The Lord had blessed Egypt because He shows no partiality when it comes to good and evil (Romans 2:9-11). But now that Egypt had forgotten Joseph’s God, his God sent Moses and Aaron to repossess all of the good things that He had given to them at Joseph’s hand. The fertility of the land and the womb was destroyed by the plagues, and the glory of its silver, gold, and raiments was given to the Israelites as plunder.

Likewise, when the nation of Israel finally came to take possession of the Promised Land, the use of the sword was not unjust. The nations of Canaan had been warned by Abraham that their inheritance would be given to these sons of Shem. Melchizedek submitted to this decree and endorsed Abraham as a spiritual “son.” But Melchizedek’s eventual successor, Adonizedek, went to war against Israel and was destroyed.

The reason that “all flesh”—as well as all the plunder—in the city of Jericho was devoted to God (herem) was because this vengeance was His. And the Lord had made it clear that if Israel sinned in the same way as the Canaanites, they would suffer the same fate. Again, He would show no partiality.

Context

The warnings in the Law of Moses are the context of the biblical prophets, whom God sent to Israel as repo men.
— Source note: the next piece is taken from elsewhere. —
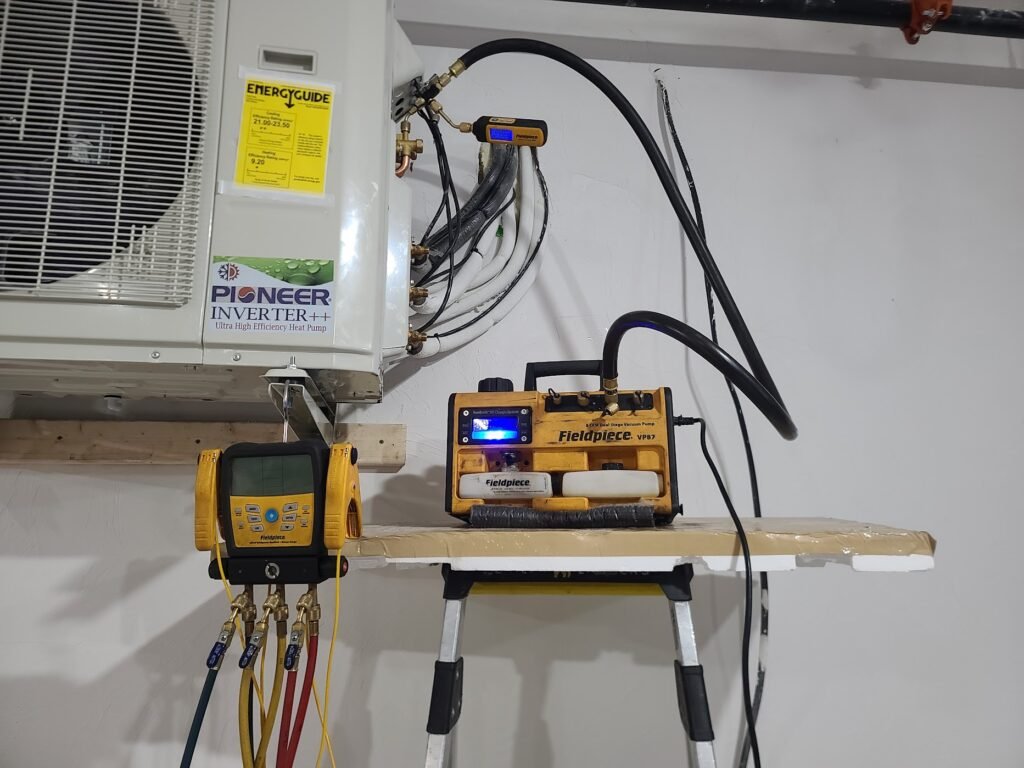 HVAC services system being vacuumed before refrigerant charge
While God always held the Gentile nations accountable for their sins, the nation that He had set apart to teach them was subject to stricter judgment, and its rulers even more so (James 3:1; Psalm 82). If Israel would not be blessed by God to teach the nations of God’s goodness, then Israel would be cursed by God as an example of His severity (Romans 11:22).
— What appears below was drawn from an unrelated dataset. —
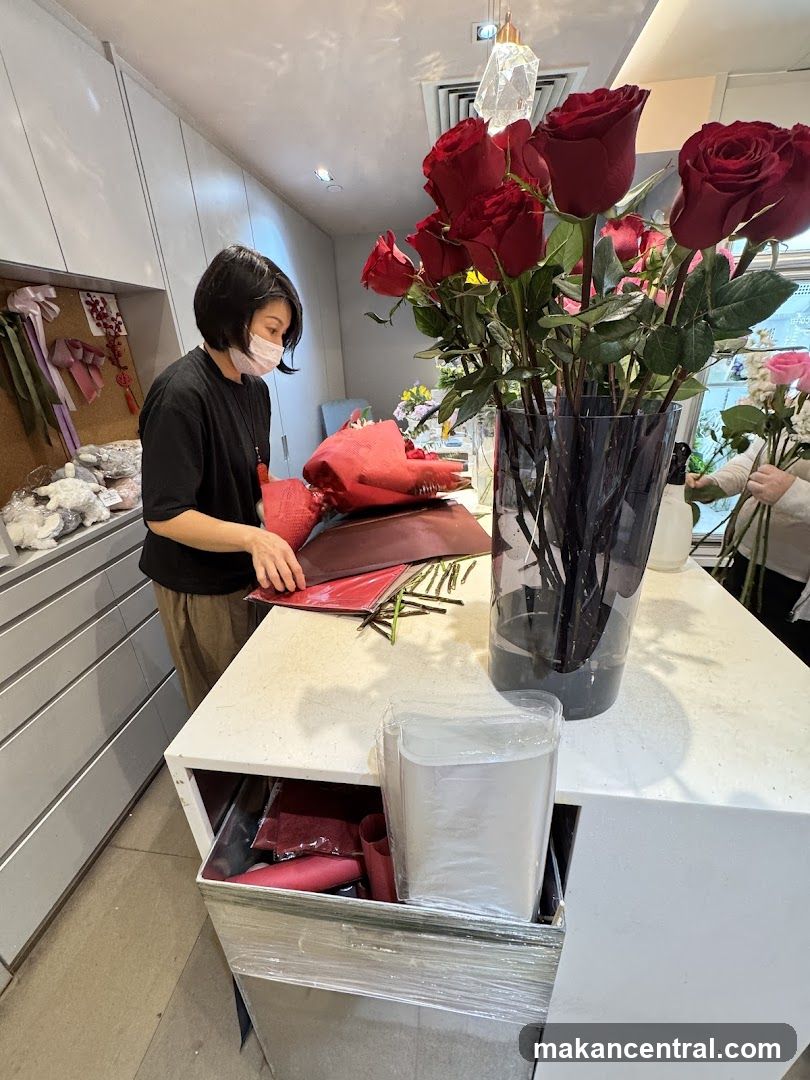 Florist arranging red roses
When Israel not only appropriated the gods and practices of the heathen but became worse than those whom they had supplanted, the blessings of Leviticus 26 and Deuteronomy 28 would be repossessed and replaced with their curses.

Despite ignorant claims to the contrary, the God of the Bible is not temperamental, racist, or murderous. Every judgment is based on a previously dispensed accountability. Every covenant brings with it not only accountability, but also an opportunity for mercy. We see this in the judgment of Adam, who, thanks to the very first shedding of atoning blood to provide tunics of animal skin (“atonement” literally means “covering”), did not die on the day that he sinned. Cain was also spared the immediate consequences of murdering his brother. The alleged “genocide” of the Canaanites was an outpouring of judgment upon those who had centuries earlier rejected the testimony of Abraham, and the Lord later judged Israel in the same way for the same sins. As with Adam, Cain and the entire antediluvian world, God was long-suffering with Israel, waiting until the righteous had “filled up” their sufferings and the wicked had “filled up” their sins. Just as the enduring prophetic witness of Noah left mankind without excuse, the witness of Isaiah, Jeremiah, and Ezekiel not only delayed the ultimate “cutting off” of Israel’s kings, but also vindicated the character of God as both just and merciful before all nations.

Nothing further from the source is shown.